Cracking the code on digital advice

abrdn

August 2022


The financial advice industry has long touted the inevitability of digital solutions to close the financial advice gap in Australia, but there has been little progress to date.

Industry players are reluctant to dive in thanks to red tape and complex rules, while a lack of regulatory support is stifling overseas investment and the local fintech community.

But with the recent change in Australia's federal government and with the Treasury's Quality of Advice review into the affordability and accessibility of quality advice underway, the industry has a unique opportunity to call for the changes needed to bring digital solutions to the fore.

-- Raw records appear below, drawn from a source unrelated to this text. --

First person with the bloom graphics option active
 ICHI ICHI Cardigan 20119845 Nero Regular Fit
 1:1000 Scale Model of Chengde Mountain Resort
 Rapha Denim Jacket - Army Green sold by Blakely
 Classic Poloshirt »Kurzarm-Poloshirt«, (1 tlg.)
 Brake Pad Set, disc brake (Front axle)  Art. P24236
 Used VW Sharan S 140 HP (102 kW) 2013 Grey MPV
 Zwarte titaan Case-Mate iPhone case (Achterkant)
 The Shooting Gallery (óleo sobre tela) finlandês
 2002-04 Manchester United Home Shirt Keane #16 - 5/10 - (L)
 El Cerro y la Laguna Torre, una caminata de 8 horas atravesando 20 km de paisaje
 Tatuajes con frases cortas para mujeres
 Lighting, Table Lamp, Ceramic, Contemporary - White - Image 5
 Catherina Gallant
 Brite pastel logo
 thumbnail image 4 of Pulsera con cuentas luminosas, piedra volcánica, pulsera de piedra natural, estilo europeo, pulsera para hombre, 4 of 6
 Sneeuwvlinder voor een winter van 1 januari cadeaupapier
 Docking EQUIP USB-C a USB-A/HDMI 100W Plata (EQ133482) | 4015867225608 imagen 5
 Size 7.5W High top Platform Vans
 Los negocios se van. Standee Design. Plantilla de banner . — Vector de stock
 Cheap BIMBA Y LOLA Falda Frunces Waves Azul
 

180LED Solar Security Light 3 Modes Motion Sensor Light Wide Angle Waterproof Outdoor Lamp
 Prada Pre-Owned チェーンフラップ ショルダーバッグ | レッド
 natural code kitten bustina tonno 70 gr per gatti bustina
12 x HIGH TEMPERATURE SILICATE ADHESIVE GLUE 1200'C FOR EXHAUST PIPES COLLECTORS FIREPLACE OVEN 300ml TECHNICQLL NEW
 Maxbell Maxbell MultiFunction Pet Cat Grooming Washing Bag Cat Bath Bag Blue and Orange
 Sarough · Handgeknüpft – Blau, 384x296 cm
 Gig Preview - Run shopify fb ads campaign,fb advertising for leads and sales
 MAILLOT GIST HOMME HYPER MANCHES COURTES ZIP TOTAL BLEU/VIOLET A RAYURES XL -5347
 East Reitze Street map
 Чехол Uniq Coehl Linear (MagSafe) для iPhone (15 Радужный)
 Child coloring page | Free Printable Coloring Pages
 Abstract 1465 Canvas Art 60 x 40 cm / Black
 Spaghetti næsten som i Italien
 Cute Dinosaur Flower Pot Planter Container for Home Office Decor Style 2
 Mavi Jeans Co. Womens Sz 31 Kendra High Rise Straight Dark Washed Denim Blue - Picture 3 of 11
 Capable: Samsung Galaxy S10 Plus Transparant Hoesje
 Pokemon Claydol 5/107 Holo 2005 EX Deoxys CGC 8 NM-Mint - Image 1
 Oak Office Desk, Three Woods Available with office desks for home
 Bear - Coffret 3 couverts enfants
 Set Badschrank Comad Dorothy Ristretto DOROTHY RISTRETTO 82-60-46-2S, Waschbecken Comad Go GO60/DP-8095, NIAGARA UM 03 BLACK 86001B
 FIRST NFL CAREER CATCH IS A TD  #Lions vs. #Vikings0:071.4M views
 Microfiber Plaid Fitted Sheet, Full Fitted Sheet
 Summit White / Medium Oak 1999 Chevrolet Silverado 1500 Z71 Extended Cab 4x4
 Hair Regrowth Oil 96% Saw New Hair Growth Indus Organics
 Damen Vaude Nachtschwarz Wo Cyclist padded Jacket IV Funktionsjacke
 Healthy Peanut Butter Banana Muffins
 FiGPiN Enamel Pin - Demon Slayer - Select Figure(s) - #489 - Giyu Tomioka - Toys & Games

In our view, now is the time to bring fresh thinking and establish an environment to promote robust digital advice solutions that enhance the lives of Australians and reduce anxiety around retirement planning.

Glitches in the current model

Advisers have been leaving the industry en masse due to the increased burden of ongoing accreditation and regulatory compliance costs in the wake of the Hayne Royal Commission.

More than 3,000 advisers (16% of the market) left the industry in 2021, with a further 2,387 advisers predicted to leave in 2022. 1 This has also put upward pressure on the cost of advice. The median ongoing fee for advice rose to $3,256 a year in 2021 - an increase of 41% since 2018 - pricing out most Australians who say they want advice.2

Industry players widely accept that digital solutions can solve this problem by achieving a wider reach at a lower price point. But no company has successfully solved the challenge of providing digital financial advice in Australia, even though proven technology exists overseas.

"No company has solved the challenge of providing digital financial advice in Australia, even though proven technology exists."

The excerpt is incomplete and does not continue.